Thats structurally fragile: it’s running 5 or 10 times as much code as is relevant to the test being conducted. And the people able to fix any problems in those dependencies don’t feel the friction at the same time, in the same way, as their users do. (This isn’t a critique of the people, it’s just maths).

I’ll probably write more about this in detail later, as it ties into a larger discussion about testing and deployment of microservices, or testing in production. But imagine if we got rid of devstack for review and merge testing. It has several other use cases of course – ‘give me an OpenStack to hack on’ is an important, discrete test case, and folk probably care that that works. For simplicity I’m going to ignore that for now.

So, if we don’t use devstack, how do we deploy a cloud for pre-merge testing.

We don’t. We don’t need to. What we need to do is deploy the changed code into a cloud whose other components are expected to be compatible with that code. Devstack did this by taking a given branch of a bunch of components and bringing them up from scratch. Instead, we run a production grade, monitored and alerted deployment of all the components. Possibly we run many such deployments, for configurations that cannot coexist (e.g. different federation modes in keystone?). The people answering the pages for those alerts could be the service developers, or it could be an operations team with escalation back to the developers as-needed (to filter noise like ‘oh, cloud $X has just had an outage’).

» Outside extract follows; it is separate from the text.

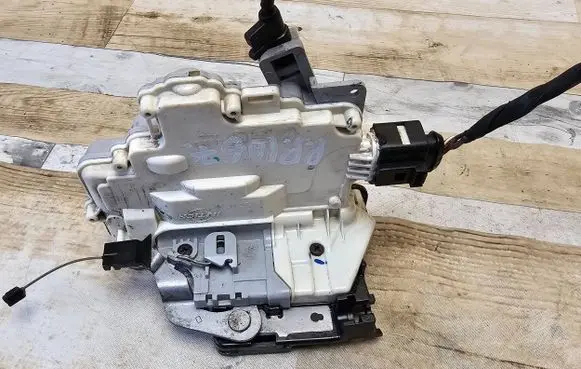 Seat Leon (1P) Front door lock 1P0837015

But ultimately the developers would be directly accountable in some realtime fashion.

Then the test workflow becomes:

  1. Build the code under test. (e.g. clean VM, pip install, whatever)
  2. Deploy that code into the existing cluster as a new shard
  3. Exercise it as desired
  4. Tear it down

Let’s use nova-compute as an example.

  1. pip install
  2. Run nova-compute reporting to an existing API server with some custom label on the hypervisor to allow targeting workloads to it
  3. Deploy a VM targeted it
  4. tear it down

I’m sure this raises lots of omg-we-can’t-do-that-because-technical-reason-X-about-what-we-do-today.

That’s fine, but for the purposes of this discussion, consider the destination – not the path.

If we did this:

  • Individual test runs could use substantially less resources
  • And perform substantially less work
  • Which implies better performance
  • Failures due to other components than the service under test would be a thing of the past (when you’re on the hook for your service running reliably, you engineer it to do that)

I think this post is long enough, so let me recap briefly. If there is interest out there I can drill into what sort of changes would be needed to transition to such a system, the suggestions I have for ease of use and ease of operations, and I think I’m also ready to provide some discussion about what the architecture of OpenStack should be.

Recap: why is development hard

Cultural problem #1: silos rather than collaboration in place. Moving the code rather than working with others.

Cultural problem #2: excessive entry controls. Make each commit right rather than trend up wards with a low-latency high change rate.

Cultural problem #3: developer feedback cycle is measured in weeks (optimistically), or years (realistically).

Technical problem #1: excessive code executed in tests: 80% of test activity is not testing the code under test.

Technical problem #2: our testing is optimised for new-cloud deployments: as our userbase grows upgrades become the common use case and testing should match that.